92年10-12月期の実質GDP(速報値)は前期比年率3.8%と7-9月期に続いて3%を超える高い伸びとなった。この結果、92年の成長率も前年比2.1%と3年ぶりに2%を超える伸びとなった。これは設備、住宅投資の高い伸びに加え、個人消費が堅調に推移したことによる。ただし、10-12月期の成長率については貯蓄率の低下や、ハリケーン被害からの復興需要等が影響しており、景気の実勢よりもやや出来過ぎと判断される。今後は主に雇用環境の回復の遅れ等から、93年上期の成長率は若干低くなるものと予想される。この点については、グリーンスパンFRB議長も「高い成長率を持続するのは難しい」とコメントしている(1月28日議会証言)。

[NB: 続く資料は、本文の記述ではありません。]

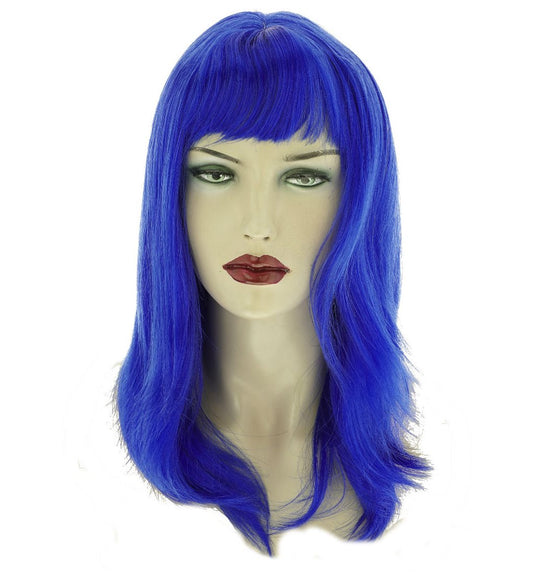Mavi Renk Uzun Parti Peruğu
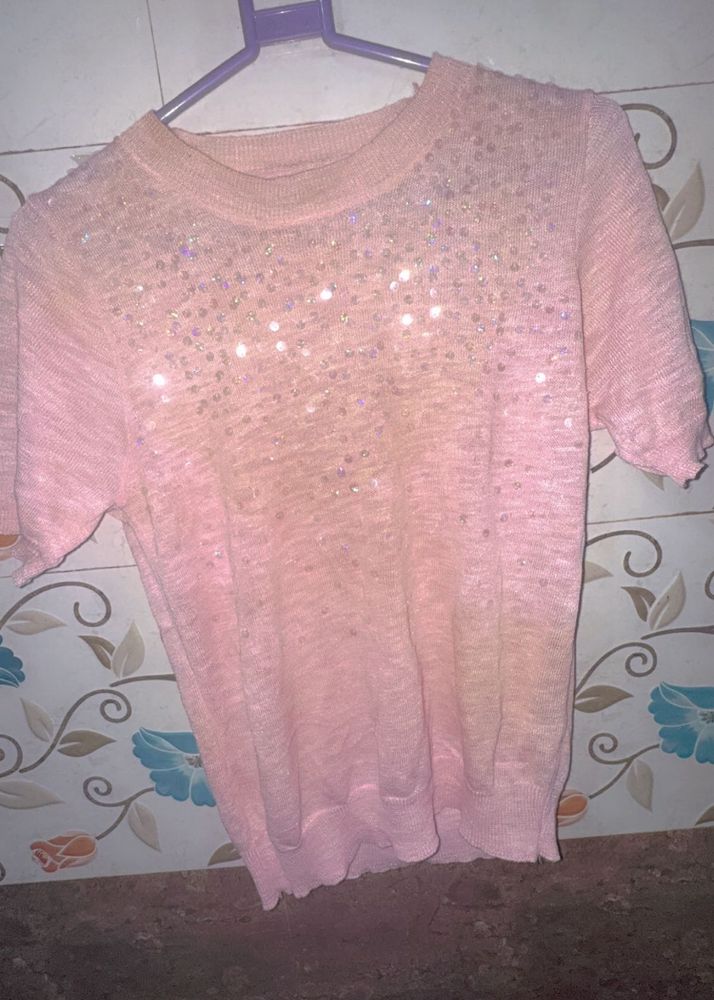 Pink Sequin Top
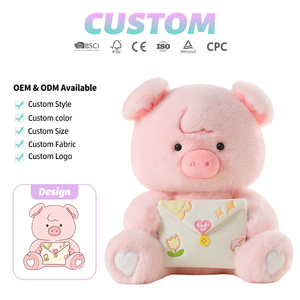 Oso, cerdo o conejo de peluche personalizado con carta de amor y sobre funcional para regalo de San Valentín o cumpleaños - Product Image 1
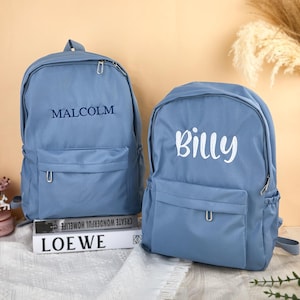 Sac à dos personnalisé brodé pour enfants, cartable personnalisé en nylon pour tout-petits, cadeau monogramme pour filles et garçons, cadeau de rentrée des classes, cadeau d'anniversaire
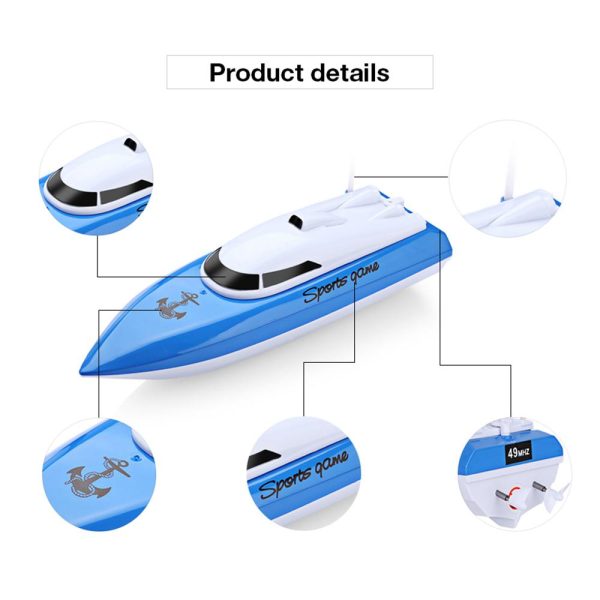 Mini 20km h Remote Control Racing Boat High Speed RC Speedboat Swimming Pool Lake RC Boats Toys for Kids Children Cheap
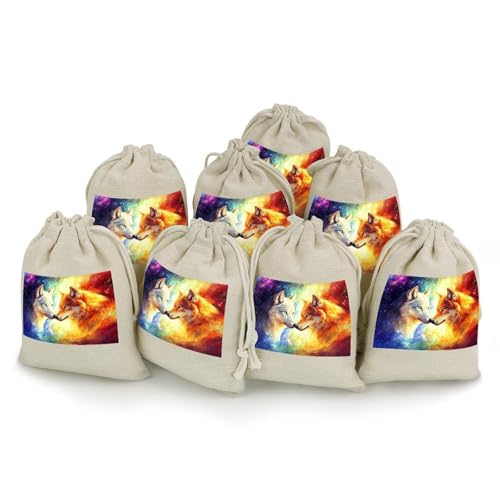 Two Wolves Colorful Starry 8 Pack Small Gift Bags Cotton And Linen Drawstring Pockets Sachet Bag for Party Home Supplies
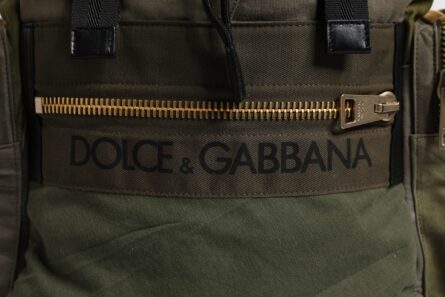 Military Green Patchwork School Backpack Bag - Image 7
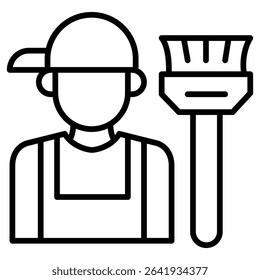 Janitor icon Thin line vector design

生産部門をみると、12月の鉱工業生産は前月比0.3%と3ヵ月連続で増加した。12月の耐久財受注も高い伸びを示しており、企業の生産活動は回復過程にあると判断される。長期金利も昨年秋以降から低下しており、一般・予算両教書の内容、特に投資減税の内容・規模次第では、設備投資の大幅増も予想される。

家計部門の指標では、12月の実質消費支出は前月比0.4%増となり、小売売上高も同1.2%増と消費は堅調な推移となっている。実質可処分所得をみても、同0.9%増(ハリケーン等の一時的要因除きでは同0.3%増)と増加している。ただし、足もとの貯蓄率が4%台と景気回復局面としては歴史的に低い水準にあること、雇用の改善テンポも極めて弱いことを勘案すると、93年上期における個人消費は緩やかな伸びにとどまろう。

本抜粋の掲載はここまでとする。